▸ **Exercise description**: Would you transcribe exactly the lines from the one containing "Vende-se essa porta" to the last line of the data below, both ends included, but none of the pictures?

▸ **Material provided**:

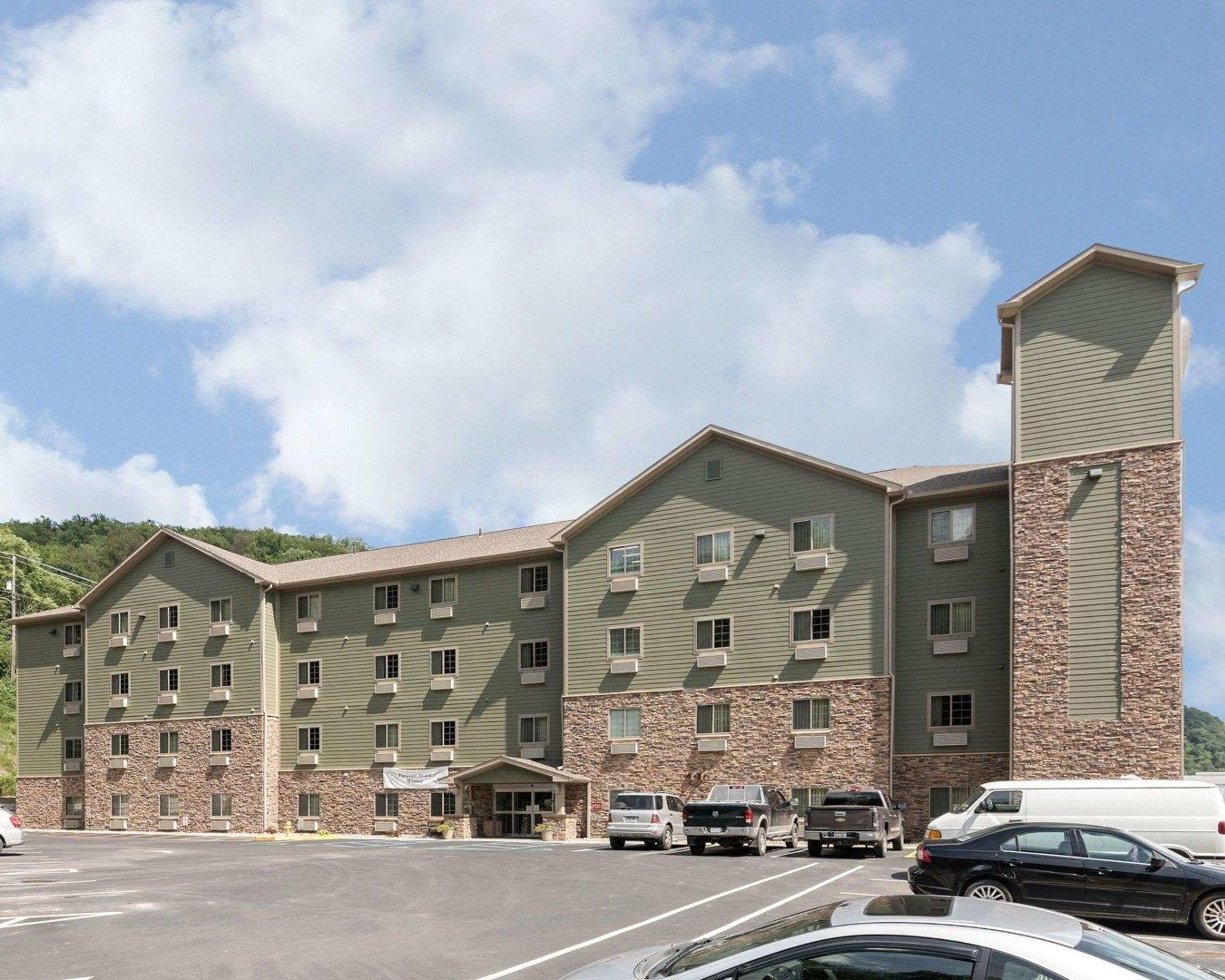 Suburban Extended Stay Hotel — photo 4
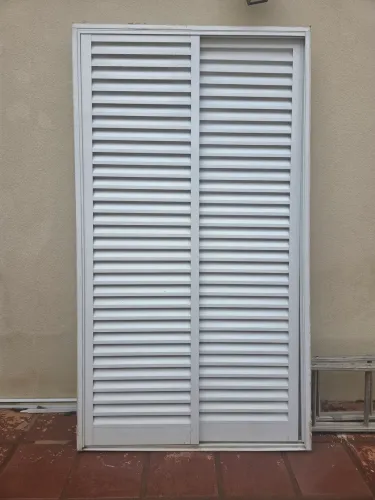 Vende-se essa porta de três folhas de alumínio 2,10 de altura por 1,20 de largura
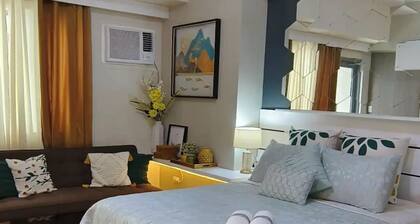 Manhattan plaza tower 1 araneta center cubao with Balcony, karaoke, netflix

▸ **Solution to this exercise**:
 Vende-se essa porta de três folhas de alumínio 2,10 de altura por 1,20 de largura
 Manhattan plaza tower 1 araneta center cubao with Balcony, karaoke, netflix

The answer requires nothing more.